Da Missionline
«Ieri mi hanno minacciato dicendo che mia madre deve prepararsi a indossare l’abito nero e che se non chiuderò la mia grossa bocca faranno in modo che resti spalancata solo per le preghiere. Le mie intenzioni non sono contro la mia nazione, non sono affatto un traditore, io amo il mio popolo: siete voi i veri traditori, voi che vi comportate così con la vostra gente. Giorno e notte ricevo telefonate e lettere, ma non posso stare in silenzio davanti al dolore e alla tragedia che vedo. Non ci sarà mai nella mia vita un momento in cui sarò messo a tacere, anche se questo dovesse portare alla mia morte. Signori, non potreste essere voi a chiudere la bocca e a porre fine alle ingiustizie in modo che noi non dobbiamo denunciarle? Ogni giorno affrontiamo arresti, torture ed esecuzioni di gruppo mai dichiarate ufficialmente, i prigionieri politici subiscono il peggiore trattamento, privati persino della presenza degli avvocati. Non lasciano neppure alle famiglie la possibilità di raccogliere informazioni sui loro cari detenuti. Che razza di legge è questa? Quale nazione senza legge si comporta così? Credete che far sopravvivere il vostro regime qualche giorno in più valga tutti questi omicidi ed esecuzioni? Non abbiamo più paura. Le violenze e le torture non fermeranno il nostro impegno a far uscire le notizie dall’Iran. Il vostro motto è: “Arresteremo, tortureremo, vi faremo tacere e non potrete più dare informazioni”. Ma il nostro è: “Vogliamo uscire dall’oppressione, otterremo la nostra libertà o con la fine della nostra lotta o con la fine della vostra ingiustizia”. Lunga vita all’Iran e agli iraniani e che la mia vita sia sacrificata per il mio Paese».

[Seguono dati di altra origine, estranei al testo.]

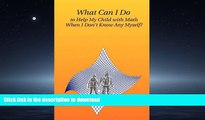 FAVORITE BOOK  What Can I Do to Help My Child with Math When I Don t Know Any Myself? FULL ONLINE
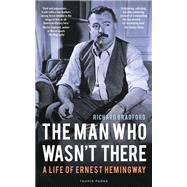The Man Who Wasn't There by Bradford, Richard, 9780755600977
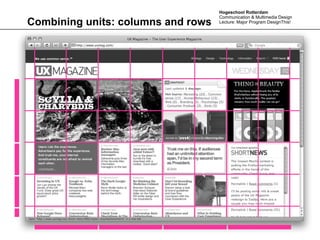 Hogeschool Rotterdam
                                    Communication & Multimedia Design
Combining units: columns and rows   Lecture: Major Program DesignThis!
 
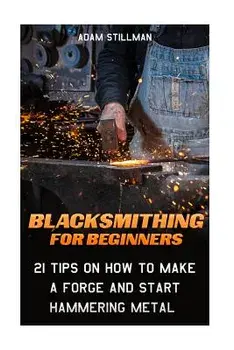 Blacksmithing for Beginners: 21 Tips on How to Make a Forge and Start Hammering Metal: (Blacksmithing, Blacksmith, How to Blacksmith, How to Blacks, Paperback/Adam Stillman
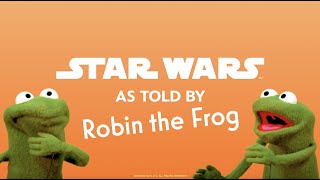 Star Wars As Told By Robin the Frog | The Muppets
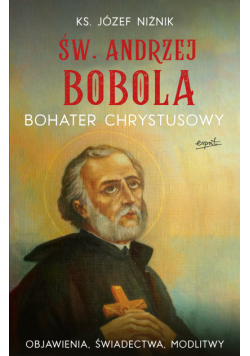 Św. Andrzej Bobola. Bohater Chrystusowy
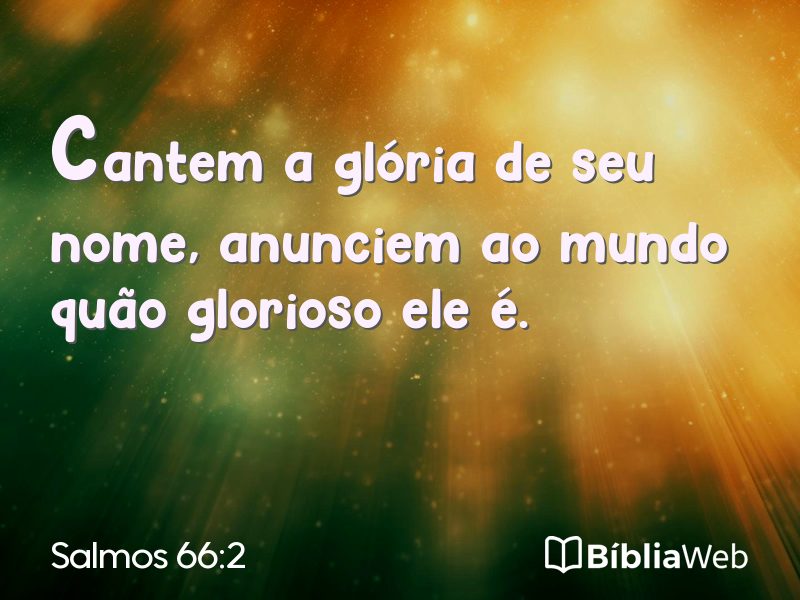 Salmos 66:2 em imagem para compartilhar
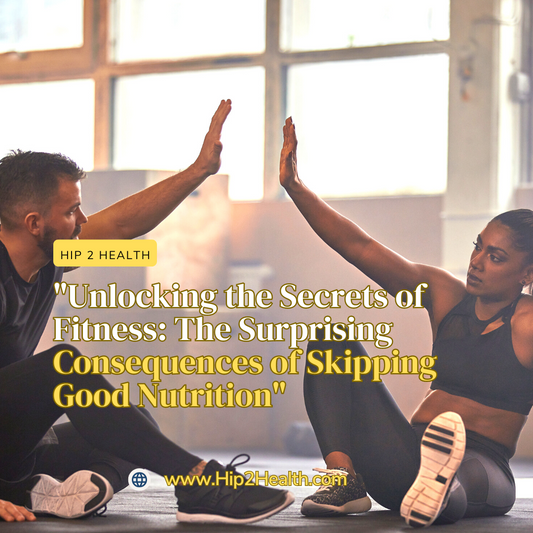 "Unlocking the Secrets of Fitness: The Surprising Consequences of Skipping Good Nutrition"
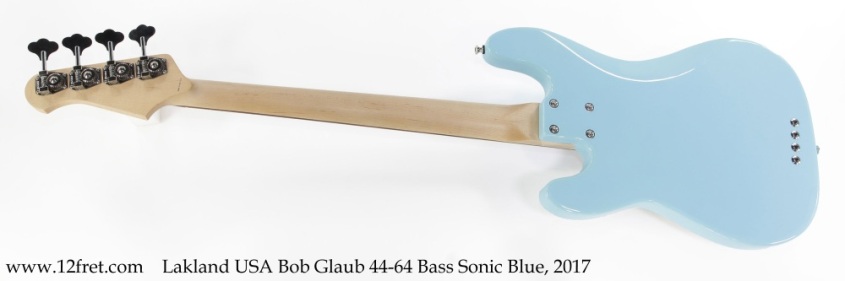 Lakland USA Bob Glaub 44-64 Bass Sonic Blue, 2017 Full Rear View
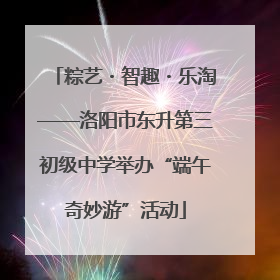 粽艺・智趣・乐淘——洛阳市东升第三初级中学举办“端午奇妙游”活动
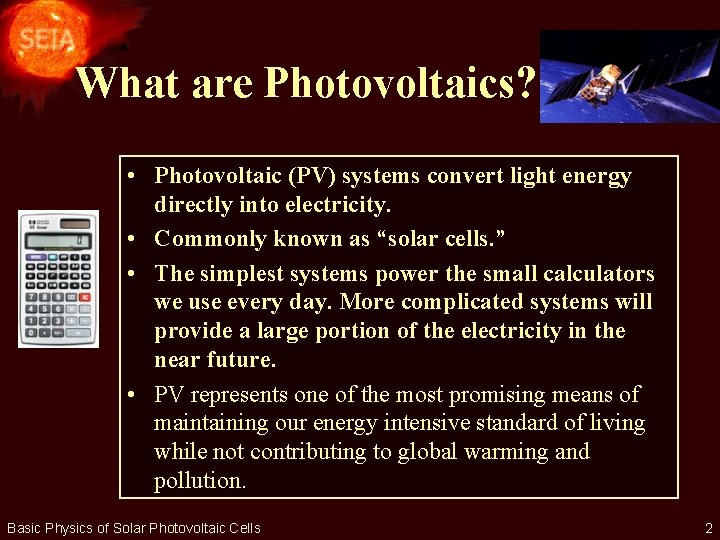 What are Photovoltaics? • Photovoltaic (PV) systems convert light energy directly into electricity. •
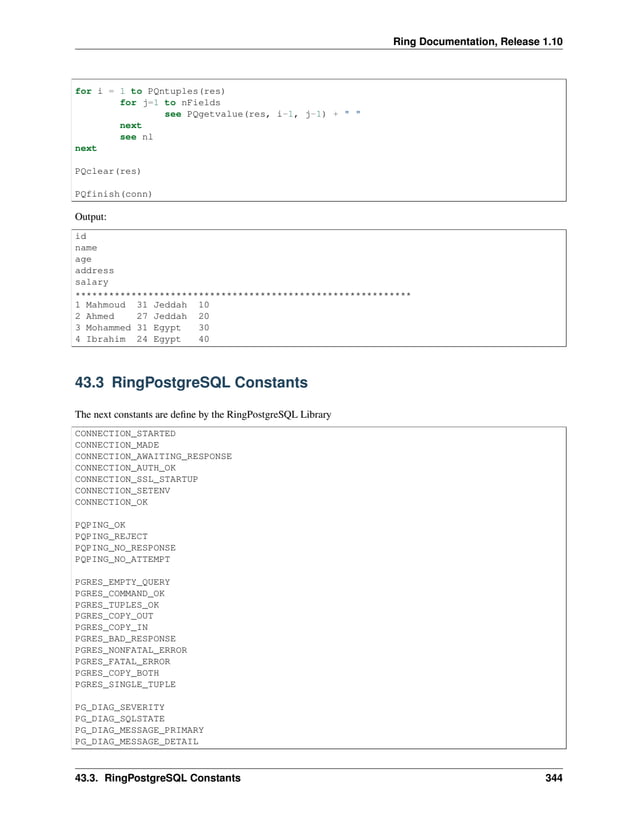 Ring Documentation, Release 1.10 for i = 1 to PQntuples(res) for j=1 to nFields see PQgetvalue(res, i-1, j-1) + " " next see nl next PQclear(res) PQfinish(conn) Output: id name age address salary ************************************************************ 1 Mahmoud 31 Jeddah 10 2 Ahmed 27 Jeddah 20 3 Mohammed 31 Egypt 30 4 Ibrahim 24 Egypt 40 43.3 RingPostgreSQL Constants The next constants are define by the RingPostgreSQL Library CONNECTION_STARTED CONNECTION_MADE CONNECTION_AWAITING_RESPONSE CONNECTION_AUTH_OK CONNECTION_SSL_STARTUP CONNECTION_SETENV CONNECTION_OK PQPING_OK PQPING_REJECT PQPING_NO_RESPONSE PQPING_NO_ATTEMPT PGRES_EMPTY_QUERY PGRES_COMMAND_OK PGRES_TUPLES_OK PGRES_COPY_OUT PGRES_COPY_IN PGRES_BAD_RESPONSE PGRES_NONFATAL_ERROR PGRES_FATAL_ERROR PGRES_COPY_BOTH PGRES_SINGLE_TUPLE PG_DIAG_SEVERITY PG_DIAG_SQLSTATE PG_DIAG_MESSAGE_PRIMARY PG_DIAG_MESSAGE_DETAIL 43.3. RingPostgreSQL Constants 344 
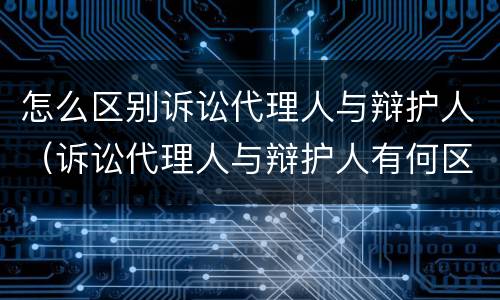 怎么区别诉讼代理人与辩护人（诉讼代理人与辩护人有何区别）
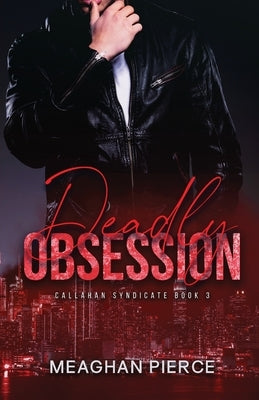 Deadly Obsession by Pierce, Meaghan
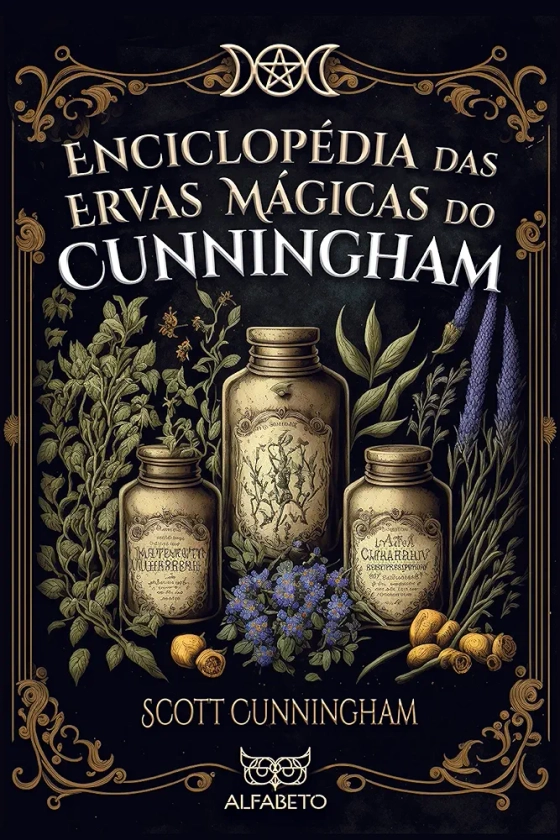 Enciclopédia das Ervas Mágicas do Cunningham | Amazon.com.br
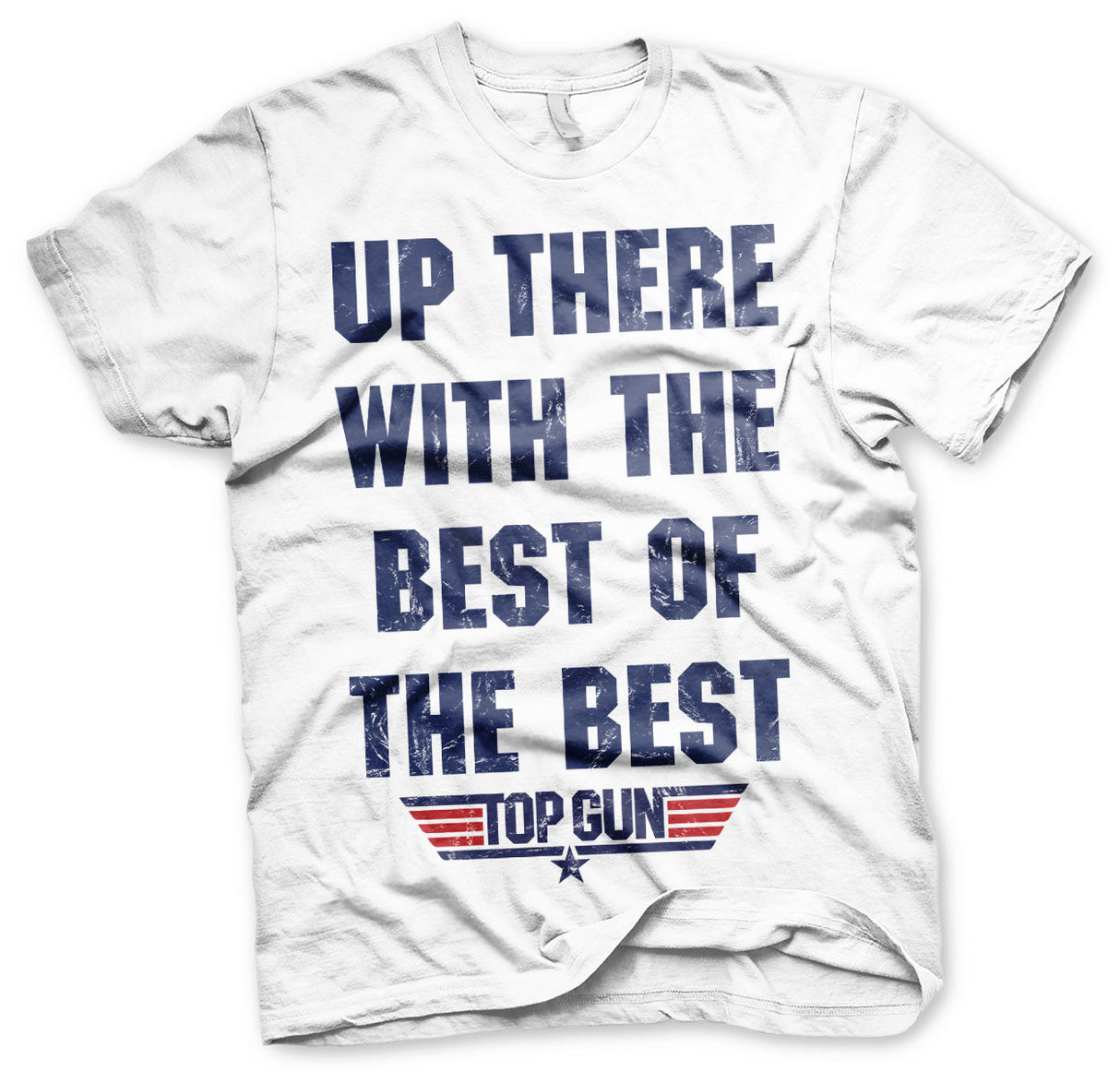 Up There With The Best Of The Best Big & Tall T-Shirt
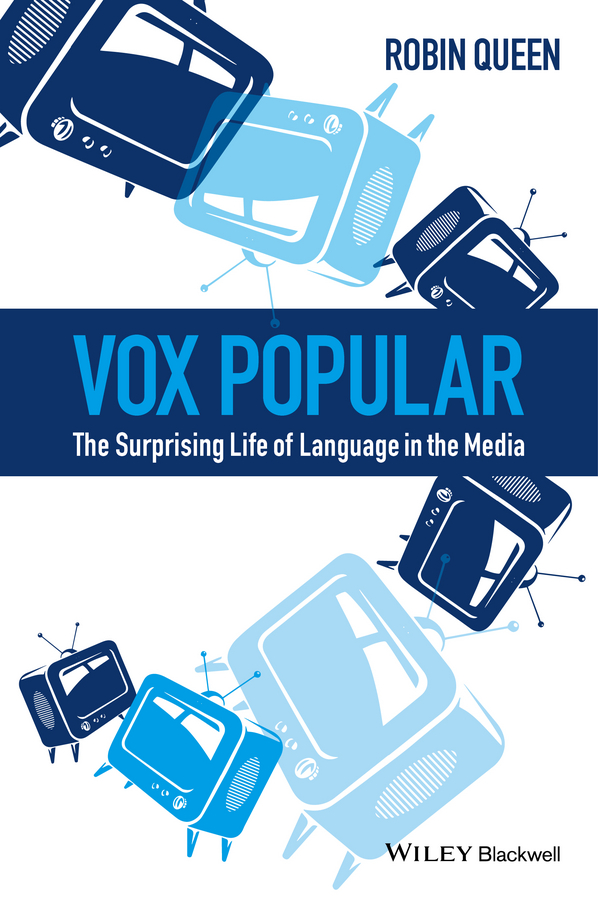 Обложка книги «Vox Popular. The Surprising Life of Language in the Media»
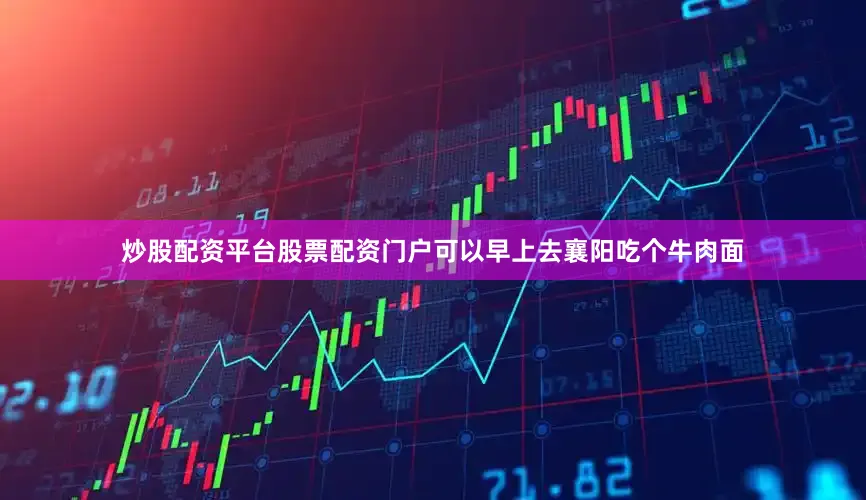炒股配资平台股票配资门户可以早上去襄阳吃个牛肉面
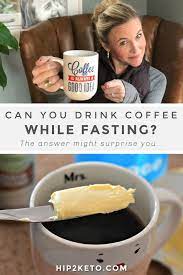 Intermittent Fasting Coffee Can You Drink Coffee While Fasting Intermittent Fasting Coffee Coffee Drinks Intermittent Fasting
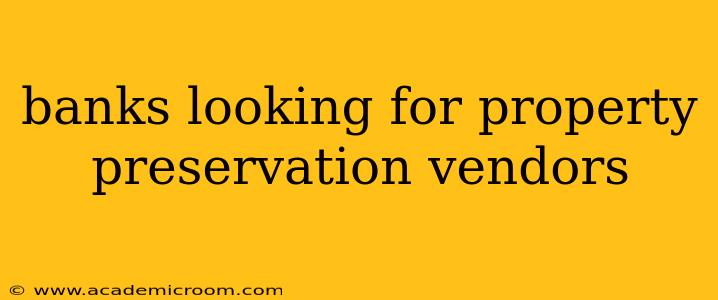 banks looking for property preservation vendors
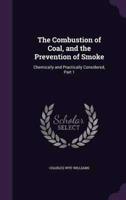 The Combustion of Coal, and the Prevention of Smoke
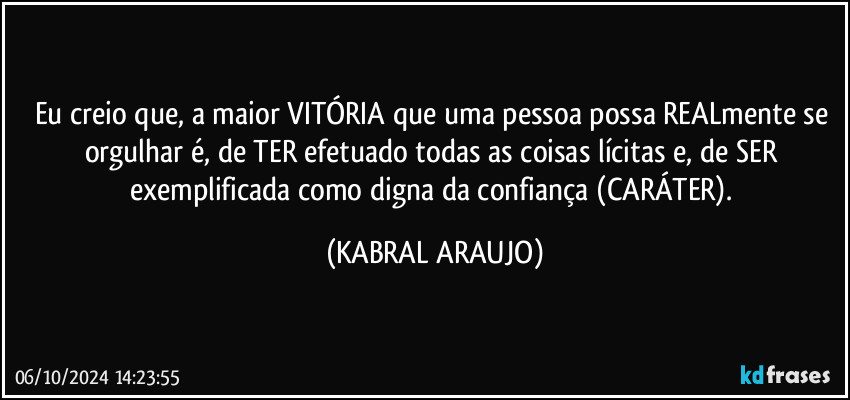 Eu creio que, a maior VITÓRIA que uma pessoa possa REALmente se orgulhar é, de TER efetuado todas as coisas lícitas e, de SER exemplificada como digna da confiança (CARÁTER). (KABRAL ARAUJO)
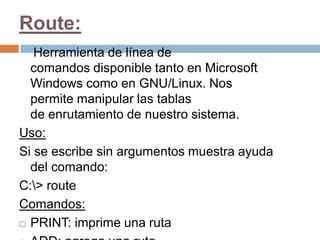 Route:
   Herramienta de línea de
  comandos disponible tanto en Microsoft
  Windows como en GNU/Linux. Nos
  permite manipular las tablas
  de enrutamiento de nuestro sistema.
Uso:
Si se escribe sin argumentos muestra ayuda
  del comando:
C:> route
Comandos:
 PRINT: imprime una ruta
 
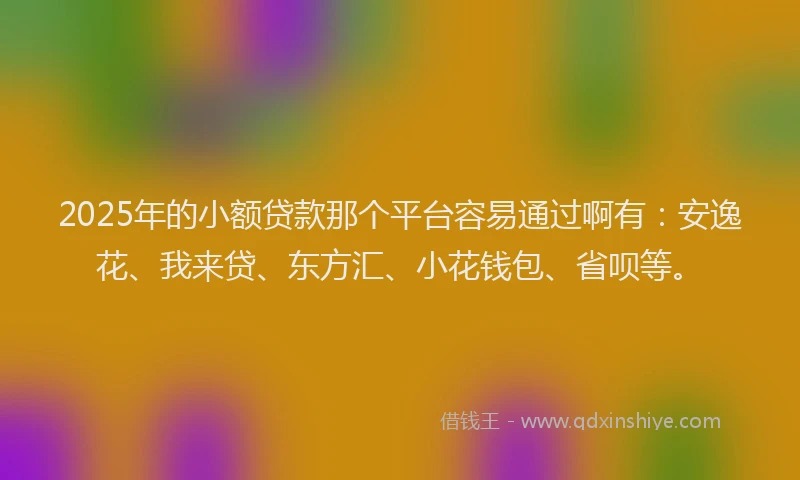 2025年的小额贷款那个平台容易通过啊有：安逸花、我来贷、东方汇、小花钱包、省呗等。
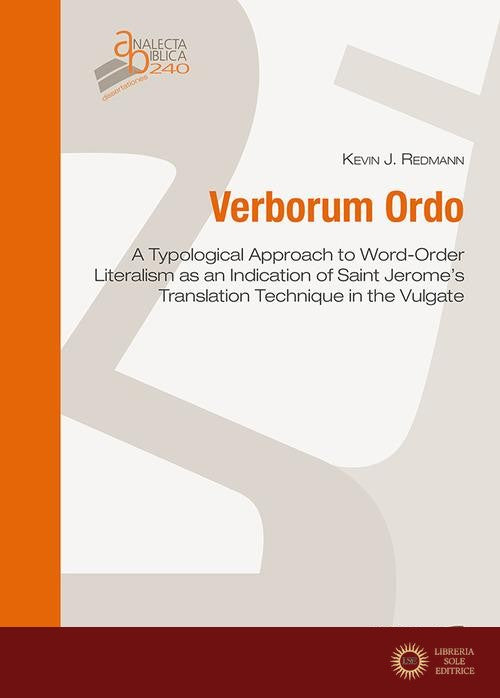 Verborum ordo. A typological approach to word-order literalism as an indication of Saint Jerome's translation technique in the vulgate - Kevin Joseph Redmann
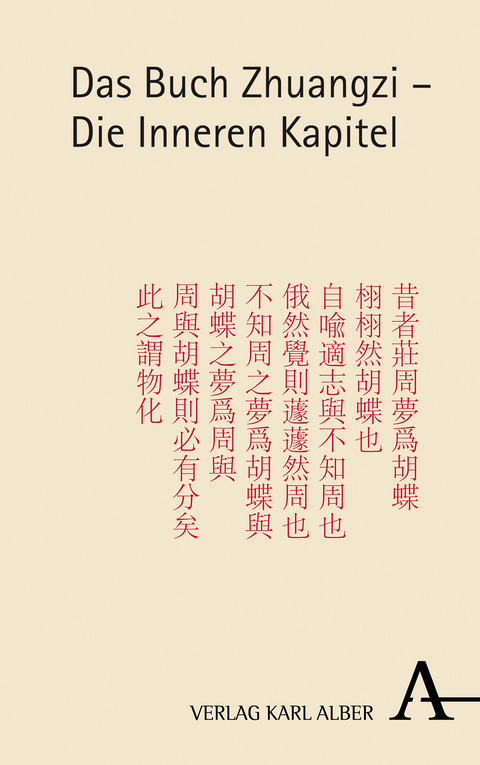 Das Buch Zhuangzi – Die Inneren Kapitel - 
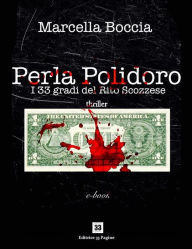 Title: Perla Polidoro. I 33 gradi del Rito Scozzese, Author: Marcella Boccia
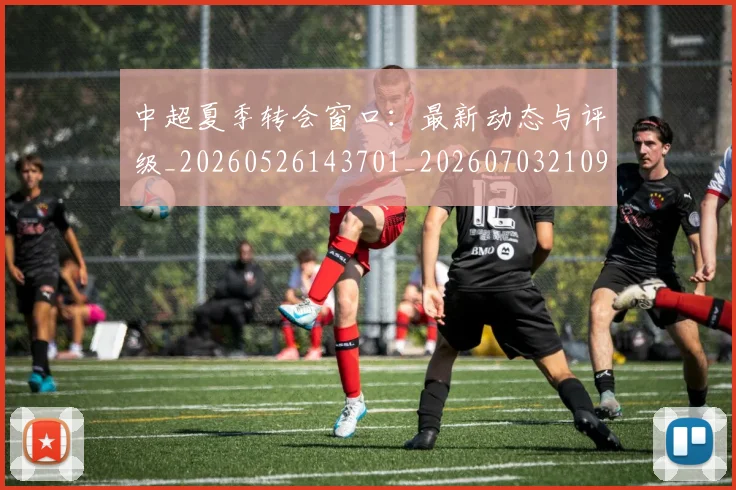中超夏季转会窗口：最新动态与评级_20260526143701_20260703210956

Così aveva scritto pochi giorni fa sul suo blog Sattar Behesti, 35 anni, uno dei blogger iraniani che diffondono le notizie sul dissenso mai spento a Teheran. Sapeva benissimo di essere nel mirino: le immagini di qualche settimana fa sulle manifestazioni nel bazar rilanciate attraverso i social network sono costate agli attivisti un nuovo giro di vita della cyber polizia degli ayatollah. Fatto anche di minacce personali, che per Sattar si sono tragicamente avverate: arrestato la scorsa settimana, ieri la sua famiglia ha ricevuto una telefonata dal carcere di Kahrizak. «Venite a ritirare il cadavere di vostro figlio». Secondo la ricostruzione dei siti dell’opposizione iraniana Sattar non è sopravvissuto alle torture. Si è avverato, dunque, quanto scriveva nel suo blog. Ma il vero problema è che si sta avverando anche il resto delle minacce rivoltegli dal regime iraniano. Quelle che non dipendono dalla violenza degli sgherri di Teheran, ma dall’indifferenza del resto del mondo. Perché purtroppo è vero: la morte di Sattar sta scivolando via nell’indifferenza. Diffusa ieri pomeriggio la notizia si è guadagnata qualche riga su qualche sito, ma non ce n’è già traccia – ad esempio – sui grandi quotidiani italiani di oggi. Ha scelto anche il giorno sbagliato per morire, Sattar, quello della sbornia da otto o dieci pagine sulle elezioni americane.